At this point, it’s easy to assume we have seen it all when it comes to celebrity-penned nonfiction. You have your traditional memoirs and your juicy tell-all’s. You have the newly popular strand, the comedian’s collection of essays. You even have a choose-your-own-adventure autobiography (Neil Patrick Harris, King of Doing Awesome Things). There really can’t be any other ways a celebrity can write a book, can there?
Unless you’re Aziz Ansari. Now, if you’ve seen Aziz’s stand-up specials (which if you haven’t, you really should; he has three on Netflix), you know that a good portion of his set revolves about dating in this modern age. He calls audience members up and reads the text messages through which people try to romantically connect. He hilariously recalls trying to simply meet up with a girl, and how what should have been a simple text exchange becomes a week long escapade of missed chances that ultimately ends in silence. So, when asked to write a book, instead of retelling his set and adding some additional anecdotes, Aziz paired up with a sociologist and decided to explore the science behind these romantic-encounters-gone-awry that seem to plague our generation.

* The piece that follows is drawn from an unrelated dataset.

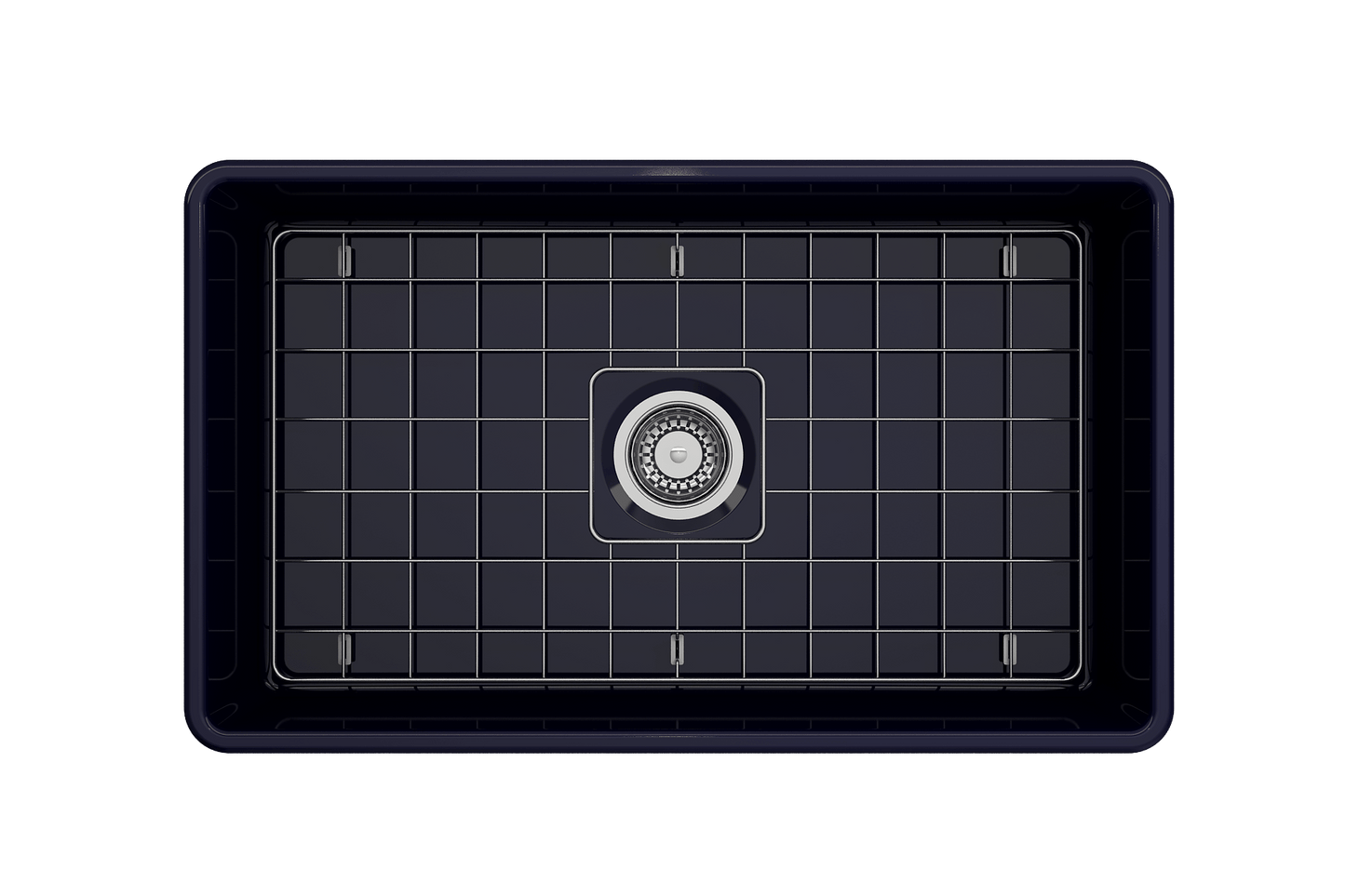 Top view of BOCCHI CLASSICO 30" Fireclay Farmhouse Single Bowl Kitchen Sink with Protective Bottom Grid and Strainer in dark finish.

With the aid of sociologist Eric Klinenberg, Aziz travelled the country (and the world) to explore how dating today is so drastically different than the dating of yesteryear. First, he talked to the elder generations. Those of our grandparents’ generation said that they met people who they went to school with, who lived on their block, who lived in their building, and as long as a dude had a good family and a good job, the marriage was good to go. But many women expressed that despite loving their husbands, they didn’t have the freedom to live bigger lives. They just did as they were expected to do.

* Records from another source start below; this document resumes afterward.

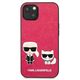 Original Case IPHONE 13 MINI Karl Lagerfeld Hardcase Ikonik Karl & Choupette (KLHCP13SPCUSKCP) pink 3666339027254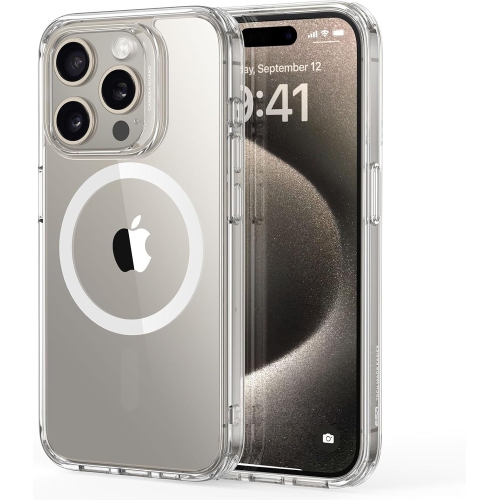 iPhone 15 Pro Case Compatible with MagSafe, Clear Strong Magnetic Anti-Scratch Shockproof Phone Cover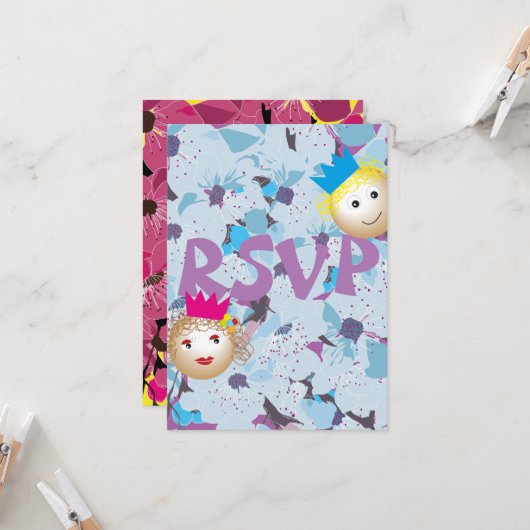 おとぎ話の王子と王女、フローラの花 招待状 (正面/裏面インサイチュ)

My generation, on the other hand, has huge amounts of freedom and does not squander that opportunity. On the upside, our generation more often marries people they deeply care about, people they refer to as “their soulmates” or “their best friends”. Isn’t that incredible?! But on the flip side, we are burdened with choice. Facebook, Twitter, Tinder, and other sites connect us with people all over the map… We struggle to decide on places to meet for brunch or buy a new pair of jeans. How can we tie ourselves to one person when we can’t guarantee that they are the one?
These are the kind of debacles Aziz Ansari brings up throughout his book. He speaks to this generation, other generations, working sociologists all about romance and our perceptions of it. How has technology played a factor? How has it changed globally? Is love actually dead?
Overall, Modern Romance is hands-down one of the most fascinating nonfiction reads I have ever encountered. We live in a culture that is entrenched in this idea of love — what it is, what makes it special, how that we have to have it, so our lives seem full. And it’s definitely not the same today as it was before. What’s great about this book is that it has the information and research of those countless, stale scholarly articles I had to read for research papers in college, but it comes from the mouth of in my opinion, one of the funniest comedians on the block right now. Aziz Ansari adds his signature flare from his stand-up to this book, so it feels like he’s reading a scholarly article to you, but keeps pausing to tell a related story or add his two cents.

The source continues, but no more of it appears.